Ellis, Cook & Ellis for appellants.

(1) All the issues which might have been raised and litigated in any case are as completely barred by the final decree therein as if they had been directly adjudicated and included in the verdict. Donnell v. Wright, 147 Mo. 639; Stone Co. v. Wall, 108 Mo.App. 495; Bank v. Tracey, 141 Mo. 252; Hamilton v. McLean, 139 Mo. 678; Barkhoefer v. Barkhoefer, 93 Mo.App. 373; Hill v. Chowning, 93 Mo.App. 620; Viertel v. Viertel, 99 Mo.App. 717; Jones v. Silver, 97 Mo.App. 231; Herman Estop., sec. 5, pp. 43, 44; Herman Estop., sec. 100, p. 101; Hamilton v. McLean, 169 Mo. 51; Railroad v. Levy, 17 Mo.App. 501; 21 Am. and Eng. Ency. Law (1 Ed.), 265; 24 Am. and Eng. Ency. Law (2 Ed.), 781.

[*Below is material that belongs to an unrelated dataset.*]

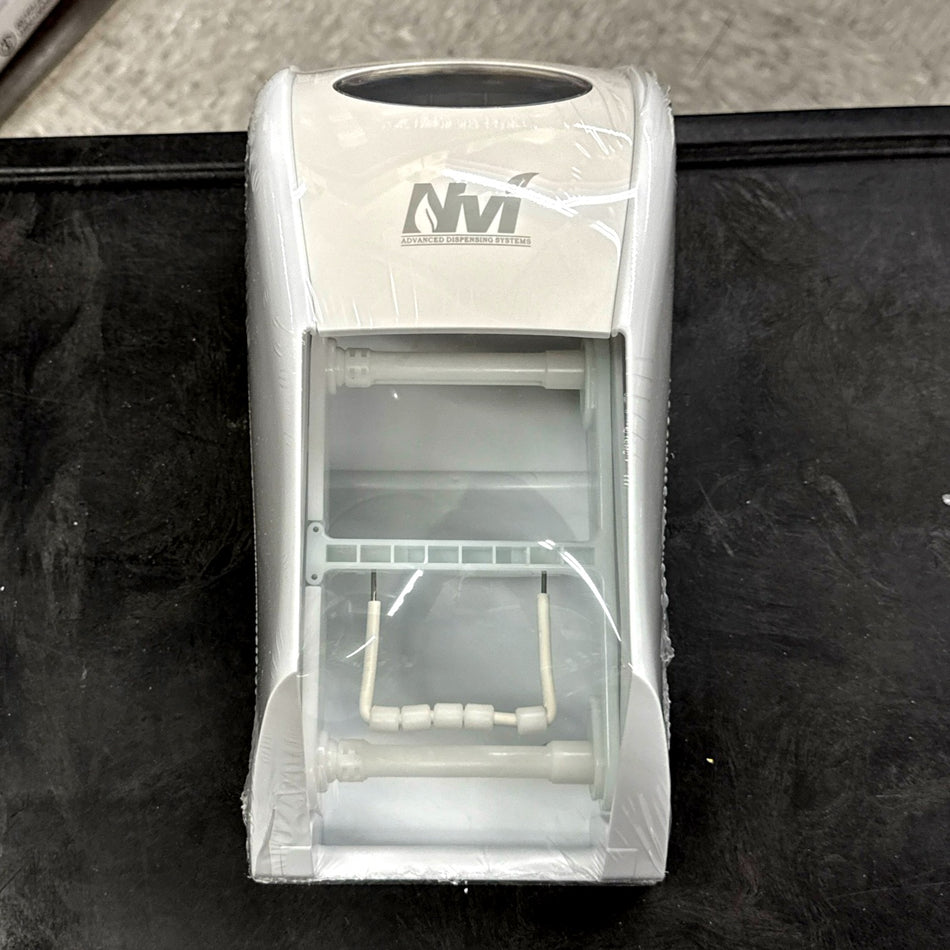 NVI WHITE VERTICAL LOCOR (CORELESS) TOILET TISSUE DISPENSER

J. C. Rosenberger and J. L. Lorie for respondents.

(1) The issue of accounting not being determined by reason of the decree turning on plaintiff's rights as a stockholder, there is no estoppel in this case as to the accounting. 24 Am. and Eng. Ency. Law (2 Ed.), 776, and note 1; Lumber Co. v. Nickey, 89 Mo.App. 270; Warden v. Busbee, 89 Mo.App. 116; Clemens v. Murphy, 40 Mo. 121; Wright v. Salisbury, 46 Mo. 26; Spradling v. Conway, 51 Mo. 51. (2) The salaries drawn were unlawful and excessive. Cook on Stock and Stockholders (2 Ed.), sec. 700a; Carroll v. Bank, 8 Mo.App. 253; Trust & Savings Co. v. Lumber Co., 118 Mo. 457; Ward v. Davidson, 89 Mo. 445; Mill Co. v. Bennett, 39 Mo.App. 460; 21 Am. and Eng. Ency. Law (2 Ed.), 877, 910; Bennett v. Roofing Co., 19 Mo.App. 349; Patrick v. Gas Light Co., 17 Mo.App. 462; Butts v. Wood, 37 N.Y. 317; Adams v. Burke, 102 Ill.App. 148; Pfeiffer v. Brake Co., 44 Mo.App. 59; R. S. 1899, sec. 973; Adlets v. Shoe Co., 84 Mo.App. 288; Hughes v. Cash Register Co., 112 Mo.App. 91; 2 Cook on Corporations (4 Ed.), secs. 731, 732, 733 and notes; Ellis v. Ward, 137 Ill. 509. (3) The defendants are liable on account of the breach of trust of the Montgomerys as directors in bucketshop gambling with the corporate funds. Scott v. Brown, 54 Mo.App. 607; Crawford v. Spencer, 92 Mo. 498; Robinson v. Smith, 3 Paige Ch. 222; Trust Co. v. Weed, 2 F. 24; Harding v. Newton, 14 Blatch. 376; Smith v. Rathbun, 22 Hun 150; London Credit Co. v. Lord, 17 W. R. 562; Cook on Stockholders, sec. 682, note and sec. 816. (4) The defendants are liable on account of the failure of P. H. and W. N. Montgomery to pay for their stock in the company.

OPINION

JOHNSON, J.

--This is an action in equity brought on behalf of a business corporation by one of its stockholders against its managing officers for an accounting and for the recovery of funds belonging to the corporation alleged to have been unlawfully diverted. A trial of the cause resulted in a decree in favor of defendants but the court sustained the motion for a new trial filed by plaintiff on the ground "that the finding and judgment was for the wrong party" and defendants appealed.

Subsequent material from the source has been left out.